A top United States military commander acknowledged on Friday that an airstrike conducted in Kabul on August 29 to target suspected Islamic State-Khorasan terrorists was a “tragic mistake”.
General Kenneth McKenzie, commander of the US Central Command, made the statement while announcing the findings of an investigation that was ordered after reports that civilians died in the strike.
The airstrike was conducted to target a vehicle that was ferrying people whom American officials had then described as “multiple suicide bombers” from the terrorist group.
The strike was conducted three days after a bomb blast outside the Kabul airport that killed at least 170 people, including 13 US troops. The blast took place amid efforts to evacuate people from Afghanistan after the Taliban took over the country.
At the time, US Navy Captain Bill Urban had said that authorities were confident that they had successfully hit the target, but had said that there may have been civilian casualties.
General McKenzie on Friday said that 10 civilians, including up to seven children, were killed in the strike. “Moreover, we now assess that it is unlikely that the vehicle and those who died were associated with ISIS-K or were a direct threat to U.S. forces,” he said.
The general expressed condolences to the families and friends of those who were killed, but maintained that the strike was carried out in the earnest belief that it would prevent an imminent threat to our forces and the evacuees at the airport.
The general said that officials are “exploring the possibility of ex-gratia payments.”

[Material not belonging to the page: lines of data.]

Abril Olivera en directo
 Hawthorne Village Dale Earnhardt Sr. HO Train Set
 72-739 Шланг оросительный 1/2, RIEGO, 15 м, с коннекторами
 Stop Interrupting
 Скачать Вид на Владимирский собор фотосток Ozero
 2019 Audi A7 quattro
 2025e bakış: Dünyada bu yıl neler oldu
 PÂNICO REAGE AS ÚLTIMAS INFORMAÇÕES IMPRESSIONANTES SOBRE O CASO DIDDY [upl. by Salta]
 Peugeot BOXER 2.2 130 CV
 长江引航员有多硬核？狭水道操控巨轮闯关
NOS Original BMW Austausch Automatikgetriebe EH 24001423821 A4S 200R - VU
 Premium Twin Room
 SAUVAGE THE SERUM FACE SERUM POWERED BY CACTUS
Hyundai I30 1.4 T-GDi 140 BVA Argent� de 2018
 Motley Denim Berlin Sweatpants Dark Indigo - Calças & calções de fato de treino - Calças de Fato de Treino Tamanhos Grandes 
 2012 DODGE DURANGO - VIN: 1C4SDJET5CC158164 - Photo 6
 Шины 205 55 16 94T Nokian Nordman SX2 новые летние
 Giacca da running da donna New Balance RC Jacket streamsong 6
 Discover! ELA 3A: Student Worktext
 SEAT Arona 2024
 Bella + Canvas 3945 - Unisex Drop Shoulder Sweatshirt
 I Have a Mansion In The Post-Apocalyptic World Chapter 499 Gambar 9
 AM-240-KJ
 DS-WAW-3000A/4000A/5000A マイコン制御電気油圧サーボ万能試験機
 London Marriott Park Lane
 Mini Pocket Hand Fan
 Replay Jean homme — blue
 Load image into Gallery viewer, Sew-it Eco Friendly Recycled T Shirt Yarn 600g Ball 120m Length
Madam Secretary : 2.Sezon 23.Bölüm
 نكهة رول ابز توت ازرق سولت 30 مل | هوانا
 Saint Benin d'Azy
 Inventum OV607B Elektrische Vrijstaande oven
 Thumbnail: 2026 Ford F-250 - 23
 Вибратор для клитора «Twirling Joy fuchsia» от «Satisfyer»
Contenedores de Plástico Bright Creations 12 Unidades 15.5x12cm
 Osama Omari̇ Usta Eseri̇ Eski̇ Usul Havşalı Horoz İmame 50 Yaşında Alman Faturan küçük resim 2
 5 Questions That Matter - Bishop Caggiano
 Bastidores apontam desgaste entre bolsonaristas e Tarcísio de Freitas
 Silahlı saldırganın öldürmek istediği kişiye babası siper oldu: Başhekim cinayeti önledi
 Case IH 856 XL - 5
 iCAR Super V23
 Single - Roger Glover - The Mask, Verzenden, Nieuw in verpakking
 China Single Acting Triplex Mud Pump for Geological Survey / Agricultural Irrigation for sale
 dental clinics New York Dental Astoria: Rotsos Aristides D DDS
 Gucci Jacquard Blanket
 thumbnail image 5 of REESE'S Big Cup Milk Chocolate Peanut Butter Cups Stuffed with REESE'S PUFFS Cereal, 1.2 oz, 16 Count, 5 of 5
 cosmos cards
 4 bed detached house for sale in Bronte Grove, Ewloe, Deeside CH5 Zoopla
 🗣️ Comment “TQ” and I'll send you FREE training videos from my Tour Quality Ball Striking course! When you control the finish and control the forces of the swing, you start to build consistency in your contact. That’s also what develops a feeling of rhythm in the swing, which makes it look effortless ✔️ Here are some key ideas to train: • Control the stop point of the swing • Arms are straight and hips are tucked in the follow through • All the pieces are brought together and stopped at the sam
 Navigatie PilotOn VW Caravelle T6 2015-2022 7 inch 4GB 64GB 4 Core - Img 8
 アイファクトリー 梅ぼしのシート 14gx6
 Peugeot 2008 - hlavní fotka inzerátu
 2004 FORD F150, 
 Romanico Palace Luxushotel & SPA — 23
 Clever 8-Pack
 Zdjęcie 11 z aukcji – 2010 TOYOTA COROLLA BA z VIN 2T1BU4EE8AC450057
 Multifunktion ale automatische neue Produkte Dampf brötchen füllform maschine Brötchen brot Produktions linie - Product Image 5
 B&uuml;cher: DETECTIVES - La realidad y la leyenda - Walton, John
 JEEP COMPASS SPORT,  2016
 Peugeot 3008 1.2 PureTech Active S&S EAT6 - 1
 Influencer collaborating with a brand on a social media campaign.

General McKenzie added that the incident should be considered in the context of the ground situation in the aftermath of the attack at the Kabul airport. The official also said that there was a “substantial body of intelligence indicating the imminence of another attack.”
The general said that on August 29, US forces had observed a white Toyota Corolla car for eight hours after seeing at a place that was believed to be where Islamic State terrorists were preparing attacks on the Kabul airport. The officials said three men were seen loading the vehicle with “ items assessed at the time to be explosives” before leaving the spot.
“Clearly our intelligence was wrong on this particular white Toyota Corolla,” he later said in response to a question.
In response to another question, the general asserted that none of the intelligence came from the Taliban.